Try to set your thermostat to no more than 77 degrees Fahrenheit or 25 degrees Celsius when you’re at home. This step keeps your space cool, all while you conserve electricity. You can then increase your thermostat to a higher temperature whenever you step out.
3. Use a Power Strip
Here’s how to save energy on a college campus when you aren’t there. Maybe you have day-long classes, or you’re away for the weekend. You’ve probably left your TV, chargers and other electronic devices plugged into an outlet. It turns out that some devices still use energy even when you turn them off. If you use a power strip, it’s easier to cut power entirely before you leave for class or work.
Be sure to choose a power strip with a surge protector so your gadgets won’t experience voltage spikes. This added feature keeps your electronics safe.
4. Cook Enough for Leftovers
While energy conservation for students isn’t always simple, it’s easier than you think to make eco-friendly changes. If you cook your own meals, it’s essential to make enough for leftovers. You could even prepare bulk meals each week so you only have to cook once. This effort saves money and energy, since you’ll use your oven less and avoid unnecessary to-go orders.
You may also want to eat less meat and dairy. A somewhat vegetarian or vegan diet has far fewer energy implications than traditional options. Consider these points before you plan your next trip supermarket trip.
5. Go With Cold Water
When you wash your clothes, it’s best to use cold water. You can still use hot water for extra-dirty clothes so that you can thoroughly clean them. Otherwise, cold water should be your first choice. That because it’s a lot easier on your water heater. Plus, your garments won’t produce as many microfibers — and these materials can pollute oceans. You’ll find that your clothes hold up longer, too.

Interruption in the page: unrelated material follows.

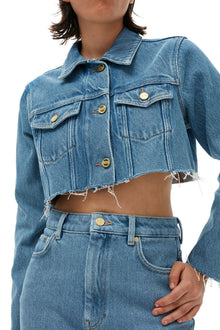 Heavy Denim Midi Skirt | Light Blue Stone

Do your machines have an option that specifically saves energy? Choose that for regular loads. You can even take another step if you want to use eco-friendly products. These efforts make a distinct difference. If you have an outdoor space, it’s also smart to air-dry your clothes whenever possible.
Learn How to Conserve Energy for Students
It’s clear that energy conversation for students doesn’t have to be complicated. A few simple changes to your daily activities can make a significant impact. Start with these ideas to lead a more sustainable lifestyle this year. Your eco-friendly actions will feel like second-nature before long!